# Exercise instructions
All that is needed is the lines from the one containing "Needle Felting kit, Hedgehog, Beginners, creative" through the end of the listing, printed exactly, with no pictures among them.

# Data
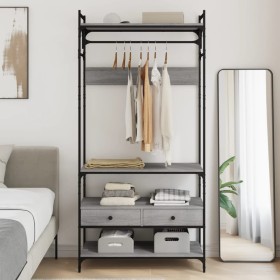 Sonoma gray engineered wood drawer cabinet 89x39x184.5 cm by , Wardrobes - Ref: Foro24-838956, Price: 133,74 €, Discount: %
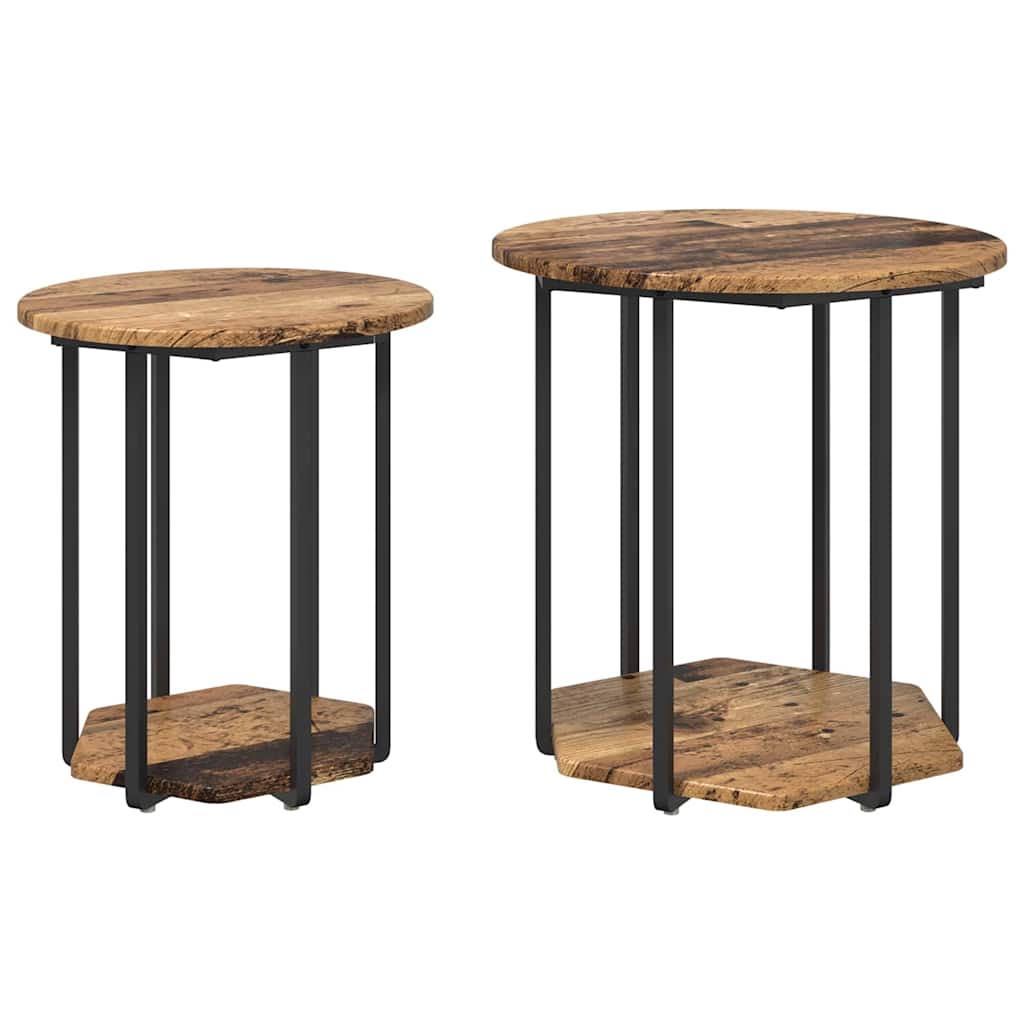 Beistelltisch-Set mit Regal 2 pcs Altes Holz und Schwarz
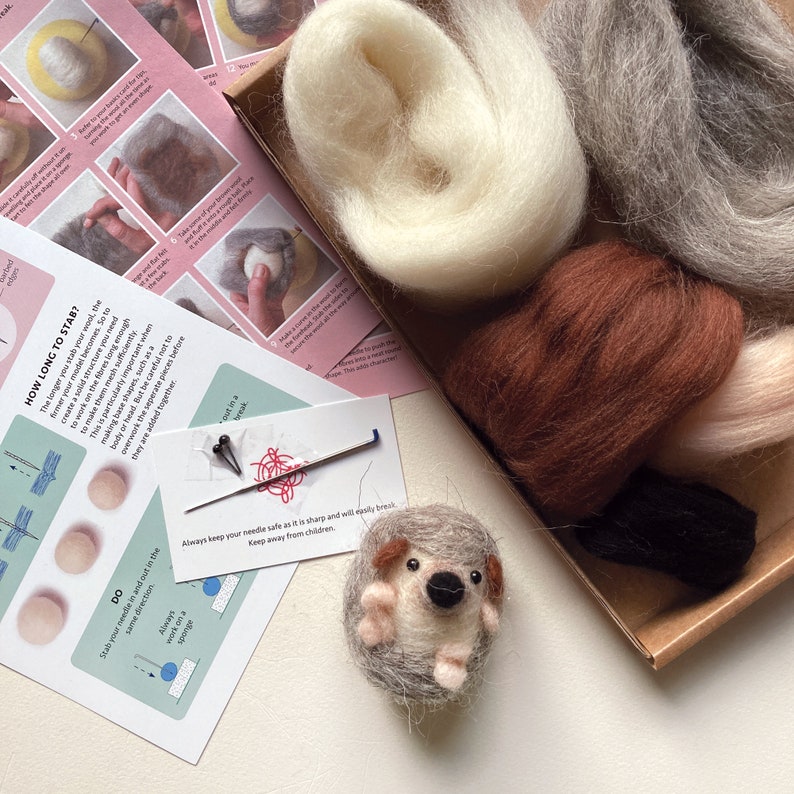 Needle Felting kit, Hedgehog, Beginners, creative gift idea image 4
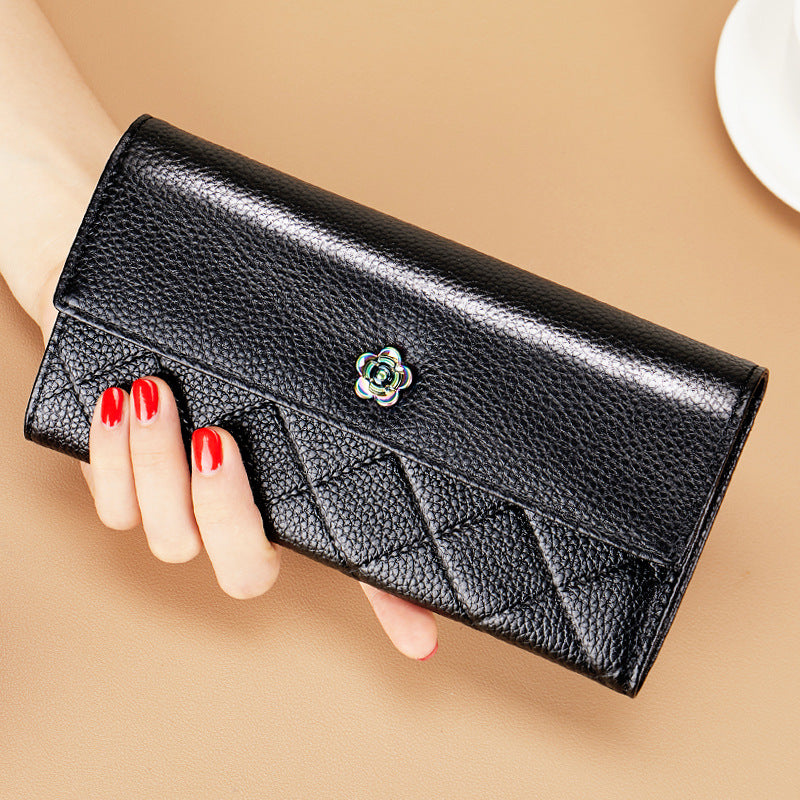 Long Genuine Leather Pure First Layer Ladies Wallets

# Result
 Needle Felting kit, Hedgehog, Beginners, creative gift idea image 4
 Long Genuine Leather Pure First Layer Ladies Wallets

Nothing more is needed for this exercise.